EMPLOYEES who are also unpaid carers will be entitled to an additional five days’ unpaid leave.

In March 2020, the UK government launched a consultation seeking views on a proposed new right to carers’ leave. Below, we look at the UK government’s response to the consultation and what this means for unpaid carers.

What is being proposed?
The UK government has confirmed its intention to take its plans forward and introduce a new right to five days’ leave for unpaid carers in employment as a day one employment right. This means that unpaid carers will not need to meet any minimum service requirement in order to benefit from the right, once introduced.

How did people respond to the proposals?
There was strong support from all types of respondent, including individuals, businesses and charities, recognising the benefits to carers and employers that could be gained from a more supported and valued workforce.

The responses emphasised the need for a flexible approach, as the needs and circumstances of carers can vary greatly. In particular, the response highlighted the issue of carers having to take annual leave to fulfil care responsibilities if other options are not available or appropriate. The proposed new right to carers’ leave was therefore warmly welcomed.

Who will benefit from this?
A carer is anyone that assists a family member, partner or friend who needs help because of a disability, illness, mental health problem or addiction and cannot cope without support.

Currently, in the UK, there are limited options available for carers who need to take time off work for caring responsibilities. All employees have a legal right to take reasonable time off to deal with emergencies involving a dependant, but this is effectively limited to the immediate response to that emergency. All employees are also entitled to make a request for flexible working to change their working pattern or hours to suit their needs.

The new right will apply to all unpaid carers in employment, subject to meeting two criteria.
Firstly, entitlement to the right will depend on the carer’s relationship with the person being cared for. They need to be close family members, members of the same household or people who reasonably rely on the employee for care.

Secondly, in addition to the relationship requirement, the person receiving the care must have a long-term care need. However, some situations which do not fall within this general category would also qualify – for example, in the case of a person with a terminal illness.

What can the leave be used for?
Responses to the consultation supported a broad definition of what the leave can be used for. The UK government proposes that carers’ leave be used for “providing care or making arrangement for the provision of care”.

How can the leave be taken?
Eligible employees will be able to take the leave flexibly, from single days or even half-days, up to the full week in one go. Employees will be able to self-certify their entitlement to carers’ leave, with no requirement to provide evidence.

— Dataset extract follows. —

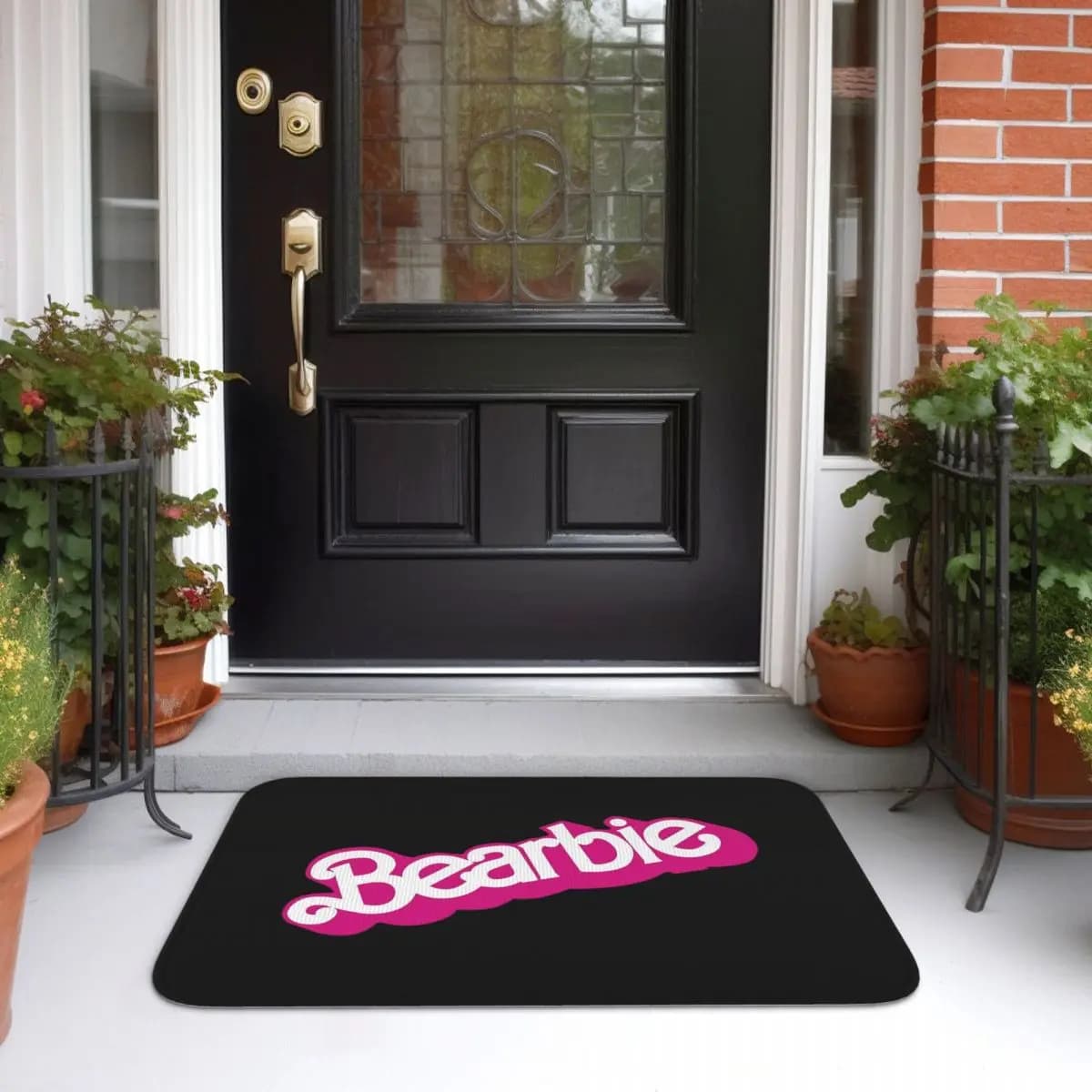 "Bearbie" Gay Bear Fun Logo Doormat Kitchen Entrance Home Floor Mat Anti-slip Carpet Rug for Bedroom Footpad Mats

What protections are in place for those who take carers’ leave?
In order to protect the rights of those entitled to carers’ leave, the UK Government also proposes to create a new ground of automatically unfair dismissal.

This would mean that any dismissal for reasons connected to the exercise of the right to carers’ leave would be automatically unfair and the carer could bring an employment tribunal claim against their employer.

When will the proposals come into effect?
The proposals, when they are made law, will apply in England, Wales and Scotland. As yet, no concrete timescale to implement the proposals has been given, with the UK Government stating only that this will happen “when parliamentary time allows”. Given the current circumstances, we anticipate it may be some time before this happens, but we will keep our eyes peeled for any updates.